If Kate Forbes opposes gay marriage, SNP members have the right to oppose her
Following the resignation of Nicola Sturgeon as SNP leader and first minister of Scotland, attention has turned to Sturgeon’s successor. Kate Forbes, Cabinet Secretary for Finance and the Economy and a frontrunner to succeed Sturgeon, has attracted attention for her membership of the Free Church of Scotland, a conservative denomination which opposes gay marriage, abortion and gender self-ID. Last night, Forbes acknowledged that she would have voted against gay marriage, asking her party for tolerance.
This case raises questions about tolerance and its institutional foundations, a focus of this Substack. I have long worried about liberal intolerance, reflecting the majority status of liberal values in postmaterial societies.
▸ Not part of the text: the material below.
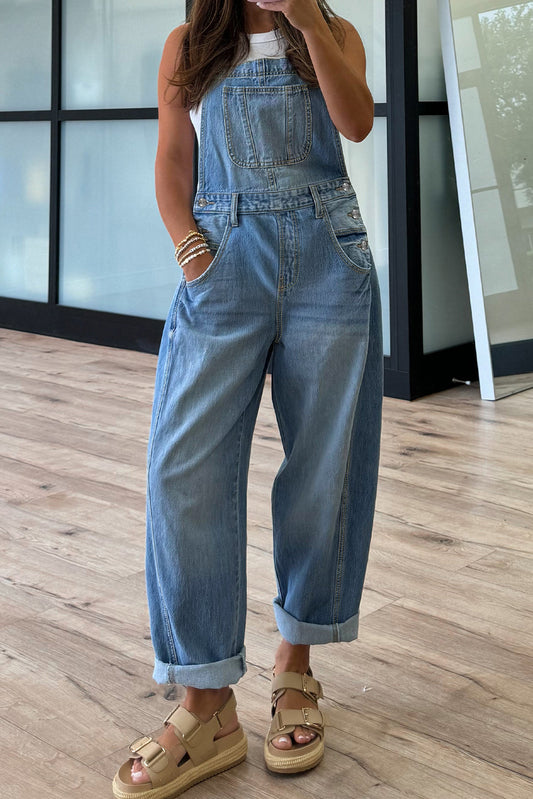 Dusk Blue Barrel Leg Denim Overalls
In such societies, the religious often receive unfair treatment, reflecting the minority status of faith. As a devout Christian, Tim Farron faced difficulties as leader of the Liberal Democrats. Certain criticisms of his voting record were legitimate, yet Farron’s (apparent) belief that gay sex is sinful inspired opposition in its own right. Liberals should oppose this. When 'liberalism' censures private beliefs, it becomes something else.
There are ambiguous cases. In Poland, society has long debated whether Catholic doctors should be required to perform abortions. Given the complexities of such issues, one may avoid commitment to fixed positions.
But the Forbes case is unambiguous. Having stated that she would not have supported gay marriage, Forbes has taken a position on a key policy issue. Admission that this reflects her faith is to Forbes’ credit – I wish all politicians were so honest (!) – but should be irrelevant. In liberal democracies, ideas must be debated on their own merits and religious conviction should not provide exemption. If SNP members do not wish to support a leadership candidate who opposes gay marriage, that is their prerogative.
I share concerns that Christians are treated differently to other religions, reflecting the perception that Christians are historically privileged, yet do not see the relevance here. Whilst Humza Yousaf, a rival of Forbes and devout Muslim, may follow traditional Islamic teachings on homosexuality (he has fended off questions), Yousaf supports gay marriage, stating that his faith is not a basis for legislation. This distinguishes Yousaf from Forbes.
Some lament that traditional religious beliefs are now incompatible with high office. This may be true; in Britain, none of the main parties would select leaders who publicly oppose gay marriage. Though liberal democracies must protect the right to dissent, complaints have limits; to a great extent, liberal democracy is a popularity contest. Religious people might concentrate on opportunities. At its best, Christianity is countercultural, the most celebrated Christians bearing the costs of faith.
Kate Forbes’ integrity and commitment to her faith is not in question. But SNP members have the right to discriminate against policy positions.